Pushkar, el lago sagrado
Algo recuperado de mi tendinitis en el hombro, sigo con el relato de mi viaje a la India. El trayecto desde Udaipur es más accidentado de lo normal, porque la carretera está en mal estado y tenemos que desviarnos varias veces. Hemos oído y leído mucho sobre Pushkar, es pequeña población plagada de templos, construida alrededor de un lago en cuyos ghats los brahmanes timan a los turistas. Por fin llegamos a nuestro hotel Pushkar Palace, que también es histórico, o como dicen aquí heritage. Nos asomamos a ver el panorama y quedamos estupefactos, al ver que el lago está prácticamente seco y sólo hay agua en algunas albercas construidas junto a los ghats. Nos cuentan que el Rajastán sufre una pertinaz sequía y, lo que es peor, el monzón de este año no ha sido generoso.


Nos disponemos a recorrer el pueblo, que se limita a una larga calle paralela al lago en dirección al Templo de Brahma, el único dedicado a esta deidad en todo el país. Recorremos la calle rodeados de peregrinos de todo pelaje y apreciamos la diversidad de razas y costumbres. Comprendemos que los hippies vinieron a la India en los años 70 y se llevaron a Europa y América las costumbre locales. Porque los indios caminan descalzos, llevan pendientes y pulseras, toda clase de piercings y tatuajes... Por no hablar del cabello, que llevan largo, con rastas, rapado y con una trenza detrás... Entre los transeúntes vemos también animales, como las palomas en el ghat o las omnipresentes vacas a la puerta de un templo.

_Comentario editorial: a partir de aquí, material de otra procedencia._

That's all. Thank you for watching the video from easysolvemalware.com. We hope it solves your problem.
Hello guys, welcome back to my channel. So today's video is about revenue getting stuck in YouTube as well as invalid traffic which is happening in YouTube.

El cielo comienza a nublarse de pronto y comienza a llover, así que nos refugiamos en un restaurante con intención de comer. La lluvia se transforma en una fuerte tormenta y vemos el arco iris sobre los templos y los montes. La tromba de agua arrecia y parece no tener fin. Nos habían hablado de la sequía, pero parece que nosotros hemos traído la lluvia y los vecinos lo agradecen. El problema no es que llueva, sino que no hay luz. Estamos ya acostumbrados a los continuos apagones que se dan en este país, aunque normalmente duran poco. Sin embargo, nos dicen que en Pushkar se va la luz cada tarde durante tres horas, y necesitan electricidad para cocinar o para hacer un simple lassi.

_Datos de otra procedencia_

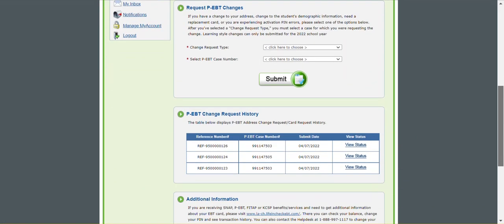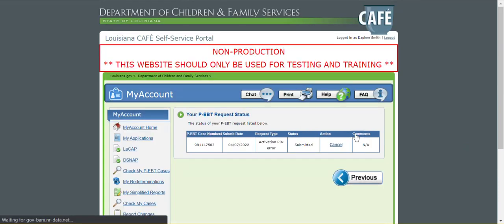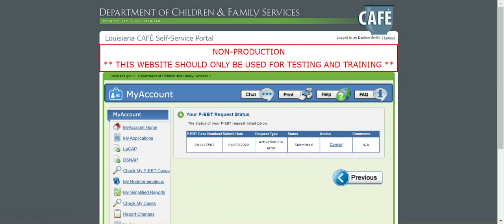At this time we can go to our history and we can click view status. You see your status is submitted. If you feel that this was an error or you submitted it on the wrong case, you can always hit cancel to remove the task. And like I said, a DCFS employee will be getting in contact with you to assist you on activating your card.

Esperamos en vano a que vuelva la luz para poder comer y, cuando la lluvia comienza a amainar, decidimos seguir nuestro camino. Continuamos paseando por la calle, rodeados de templos, havelis, mujeres con saris y hombres con turbantes. Finalmente llegamos al Templo de Brahma, el destino de todos los visitantes, donde nos rodea una gran multitud. Dentro no se permite hacer fotos, ni introducir cámaras, ni tabaco ni bolsas, así que optamos por turnarnos: mientras uno entra, el otro se queda con sus pertenencias, incluidos los zapatos. Yo subo descalzo la escalera que conduce a la entrada, mientras las mujeres me ofrecen flores y los hombres se ofrecen para hacerme de guía. Yo no hago caso a nadie porque estoy prevenido de los timos, y hago como si no entendiera lo que me dicen.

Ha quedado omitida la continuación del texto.